── Records for this task ──

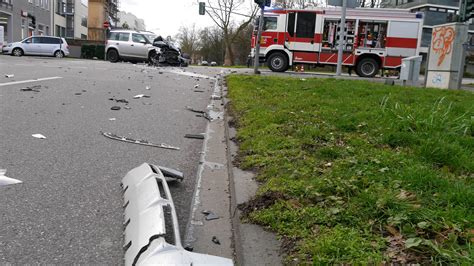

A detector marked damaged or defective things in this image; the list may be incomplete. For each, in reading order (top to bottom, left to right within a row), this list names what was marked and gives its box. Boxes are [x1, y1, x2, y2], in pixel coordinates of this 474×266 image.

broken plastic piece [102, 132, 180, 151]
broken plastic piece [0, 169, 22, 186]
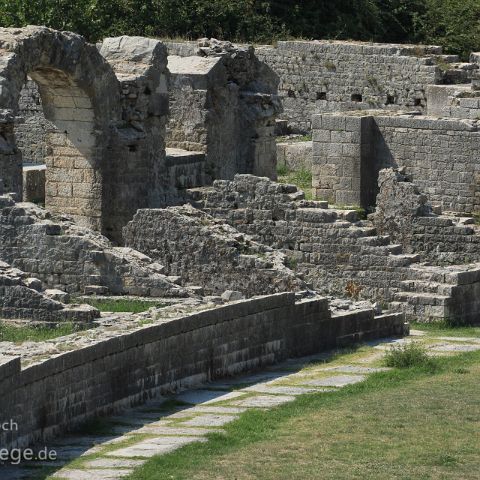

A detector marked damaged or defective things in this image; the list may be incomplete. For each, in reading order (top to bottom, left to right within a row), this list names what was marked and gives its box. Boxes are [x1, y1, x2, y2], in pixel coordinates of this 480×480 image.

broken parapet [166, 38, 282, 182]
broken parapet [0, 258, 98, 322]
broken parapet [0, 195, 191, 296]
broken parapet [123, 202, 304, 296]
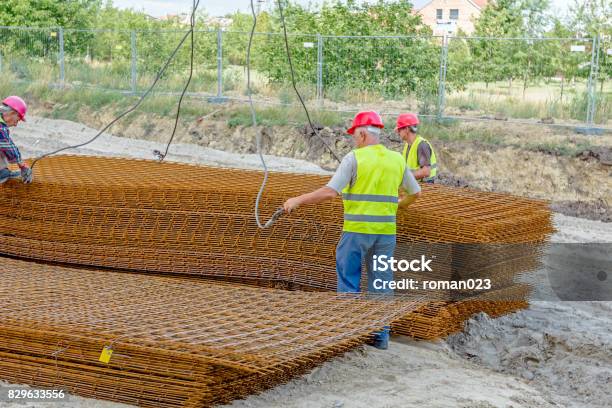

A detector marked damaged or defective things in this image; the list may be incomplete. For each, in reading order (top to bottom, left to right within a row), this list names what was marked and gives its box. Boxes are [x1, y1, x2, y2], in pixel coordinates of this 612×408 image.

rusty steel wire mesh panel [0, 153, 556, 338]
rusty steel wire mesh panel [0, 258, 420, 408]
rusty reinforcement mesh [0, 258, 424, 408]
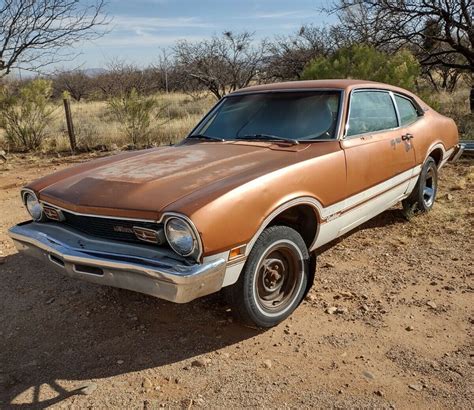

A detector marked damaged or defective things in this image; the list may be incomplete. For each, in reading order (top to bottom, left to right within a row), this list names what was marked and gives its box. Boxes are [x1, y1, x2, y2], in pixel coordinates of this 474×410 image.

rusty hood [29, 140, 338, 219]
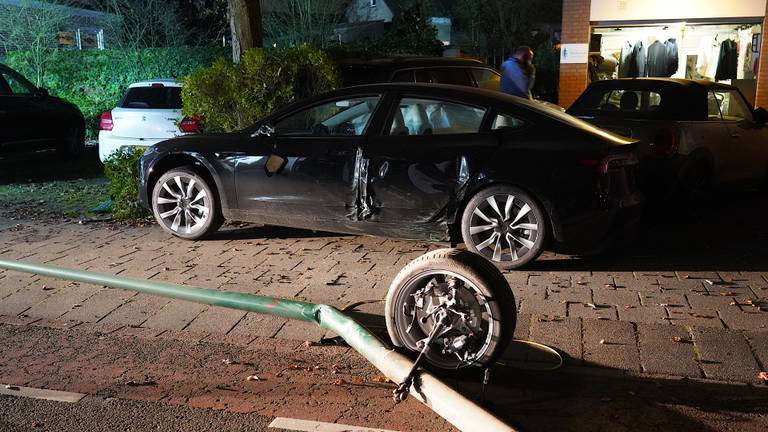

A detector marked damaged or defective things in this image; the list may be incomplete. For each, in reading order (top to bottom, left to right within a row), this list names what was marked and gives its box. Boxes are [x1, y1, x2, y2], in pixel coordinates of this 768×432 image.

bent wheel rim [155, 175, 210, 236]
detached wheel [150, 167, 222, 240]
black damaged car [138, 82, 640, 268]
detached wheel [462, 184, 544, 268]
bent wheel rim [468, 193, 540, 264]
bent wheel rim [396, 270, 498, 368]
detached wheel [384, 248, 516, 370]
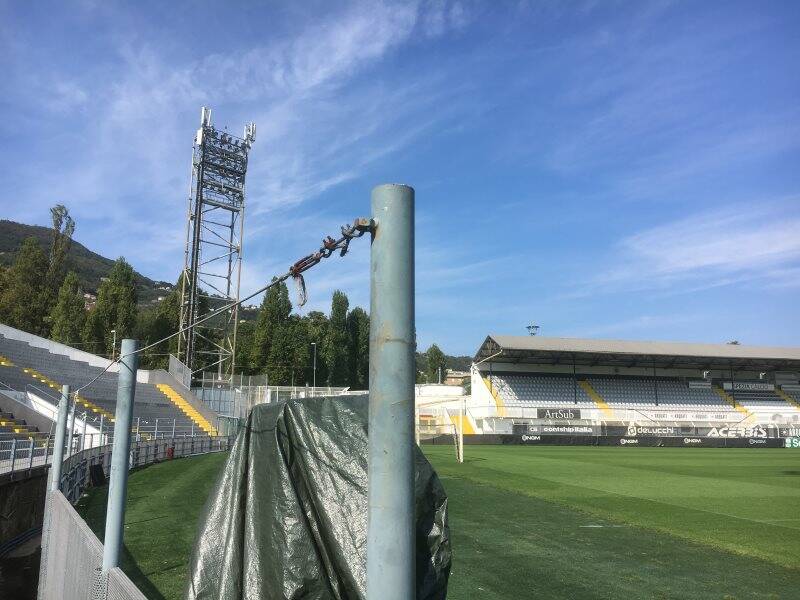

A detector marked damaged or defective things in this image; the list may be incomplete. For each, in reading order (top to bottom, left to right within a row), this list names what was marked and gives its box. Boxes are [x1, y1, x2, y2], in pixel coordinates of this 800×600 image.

───

## Task details
A faithful, complete copy of the records above is required, one that contains no pictures.

## Answer space
A detector marked damaged or defective things in this image; the list may be incomplete. For each, in reading order (top to bottom, left to right within a row), this list names what was marked and gives its box. Boxes are [x1, y1, x2, y2], in pixel coordinates of this 474×266 image.

broken plastic piece [102, 132, 180, 151]
broken plastic piece [0, 169, 22, 186]

A detector marked damaged or defective things in this image; the list may be incomplete. For each, in reading order (top to bottom, left to right within a row), this list names what was marked and gives its box. Boxes are [x1, y1, x2, y2], in pixel coordinates of this 480×480 image.

broken parapet [166, 38, 282, 182]
broken parapet [0, 258, 98, 322]
broken parapet [0, 195, 191, 296]
broken parapet [123, 202, 304, 296]

A detector marked damaged or defective things in this image; the list may be incomplete. For each, in reading order (top to bottom, left to right within a row), this list names what was marked and gives its box. Boxes are [x1, y1, x2, y2], in pixel coordinates of this 612×408 image.

rusty steel wire mesh panel [0, 153, 556, 338]
rusty steel wire mesh panel [0, 258, 420, 408]
rusty reinforcement mesh [0, 258, 424, 408]

A detector marked damaged or defective things in this image; the list may be incomplete. For each, in reading order (top to bottom, left to right within a row), this list names what was marked and gives its box. Boxes are [x1, y1, x2, y2], in pixel coordinates of this 474×410 image.

rusty hood [29, 140, 338, 219]

A detector marked damaged or defective things in this image; the list may be incomplete. For each, in reading order (top to bottom, left to right within a row), this list names what was marked and gives its box. Boxes are [x1, y1, x2, y2], in pixel coordinates of this 768×432 image.

bent wheel rim [155, 175, 210, 236]
detached wheel [150, 167, 222, 240]
black damaged car [138, 82, 640, 268]
detached wheel [462, 184, 544, 268]
bent wheel rim [468, 193, 540, 264]
bent wheel rim [396, 270, 498, 368]
detached wheel [384, 248, 516, 370]

A detector marked damaged or defective things in this image; the list may be incomplete. For each, in reading order (top to bottom, left to right within a row), this list names what was marked and gives its box. Boxes are [x1, y1, x2, y2], in pixel coordinates of this 800×600 image.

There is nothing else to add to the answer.